I, along with the rest of the TV-viewing public, was dealt a crushing blow recently when it was announced that VH1 is ceasing production on what surely would've been the greatest TV spectacle of all time: a reality show starring Liza Minnelli and probably-gay hubby David Gest! According to the New York Post, VH1 complained that Gest was a "Svengali" who continually thwarted producers' attempts to film Minnelli in her natural environs.
"David Gest redefines the term 'control freak,'" said a source close to the show. "He was almost insane." Besides canceling "about 20 appointments" to film the couple, Gest allegedly kept Minnelli locked in their apartment, even though "she wanted to come out to shoot." The "neat freak" also ordered a female member of the VH1 crew to stick her head in an oven to look for dirt, demanded that the network pay for drapery cleanings, and made all production assistants "take off their shoes and wear surgical booties inside the apartment."

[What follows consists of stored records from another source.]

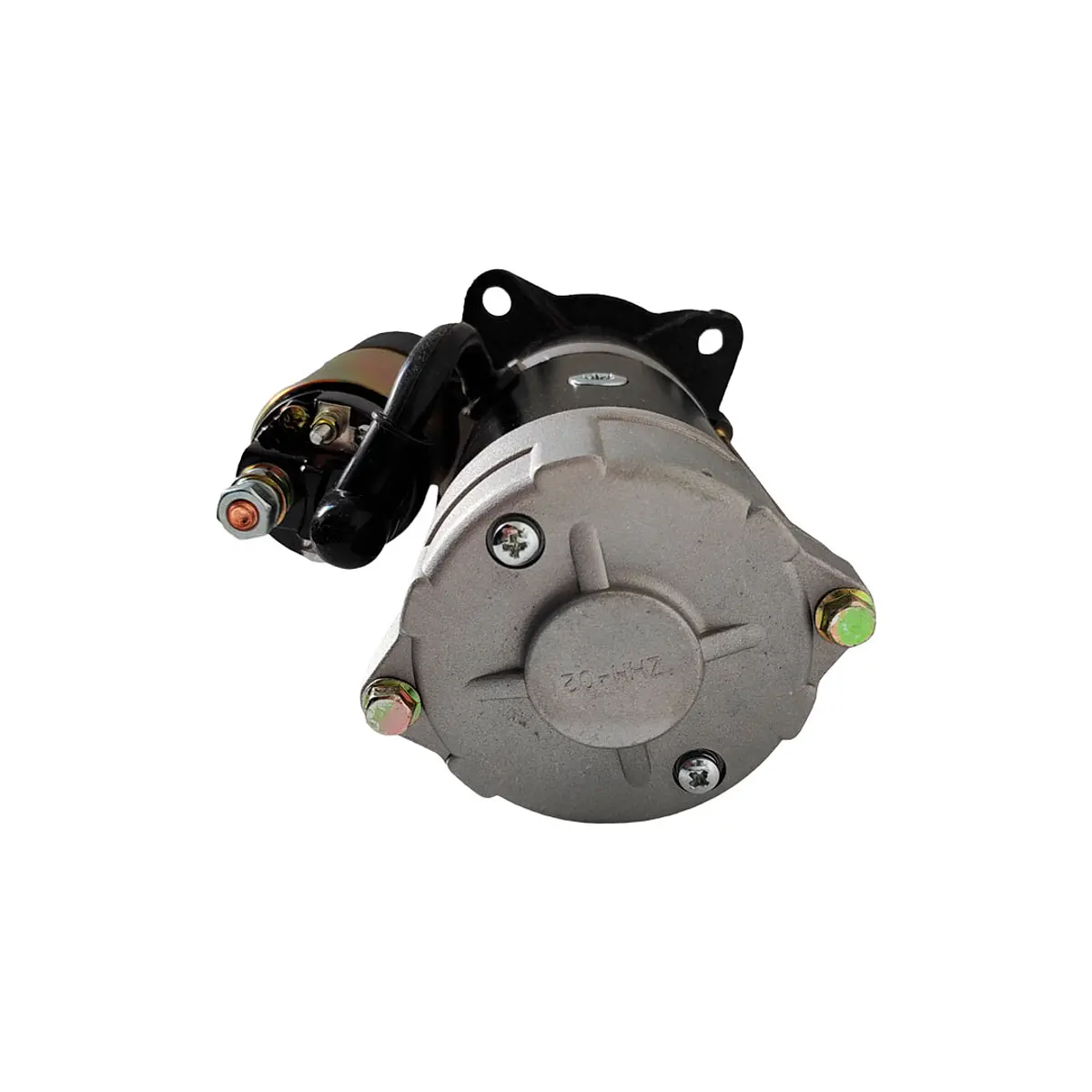Motor De Arranque PSH Para Deutz F1L514/51, Eicher 330, Porsche Standard T, Steyr 8055 Y Más - 12V, 9 Dientes, 2.7kW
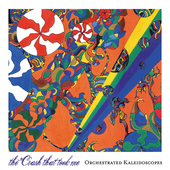 Album artwork for The Crash That Took Me - Orchestrated Kaleidoscope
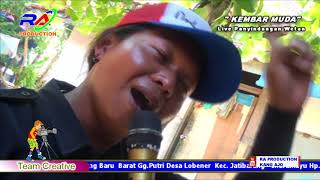 sekulit bawang// MANUK DANGDUT KEMBAR MUDA // LIVE PANYINDANGAN WETAN BLOK A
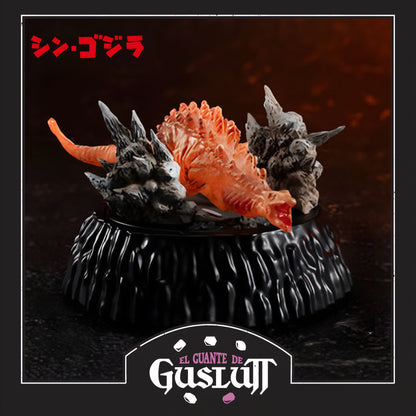 Figura Gashapon Shin Godzilla (Kamata-Kun) Serie 3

Citing "lack of cooperation," the producers pulled the plug on what easily could have been the most fascinating show since that weird infomercial spotlighting the two twin midgets who sell real estate.
Now, all I have to say is VH1, what the FAWK are you thinking?!? You had a virtual pot of gold in your hands, and you just threw it away! Okay so this David Gest guy is a tad bit eccentric. Maybe he tweezes his eyebrows a smidge too much, and maybe his skin looks like a coating of wood lacquer. And YES, maybe he likes to keep a tidy home! But this is one reality show that could've blown The Osbournes right out of the water!
Am I crazy here? Am I the only person who saw the video footage from Liza and David's wedding? It was practically baroque in its grotesqueness! Michael Jackson looking like a burn victim from a different star system? The increasingly rotund and forgetful Elizabeth Taylor stalling the wedding because she accidentally arrived dressed in house slippers? And best of all, David "I'll Prove I'm Not Gay" Gest slamming his tongue down Minnelli's throat like he was dumping in a bucket of electric eels? That is what's known as STAR POWER, assholes! And you'd do well to remember it!
So this is what I'm going to do: I'm going to close my eyes and count to 10. Then, when I open my eyes, I will see that VH1 has apologized to David Gest, cleaned his drapes, and resumed production on what will undoubtedly be the greatest show of all time! And if not, YOU, my fine VH1 sirs, will find my FOOT up your ASS! (That is, as soon as I locate my surgical booties.)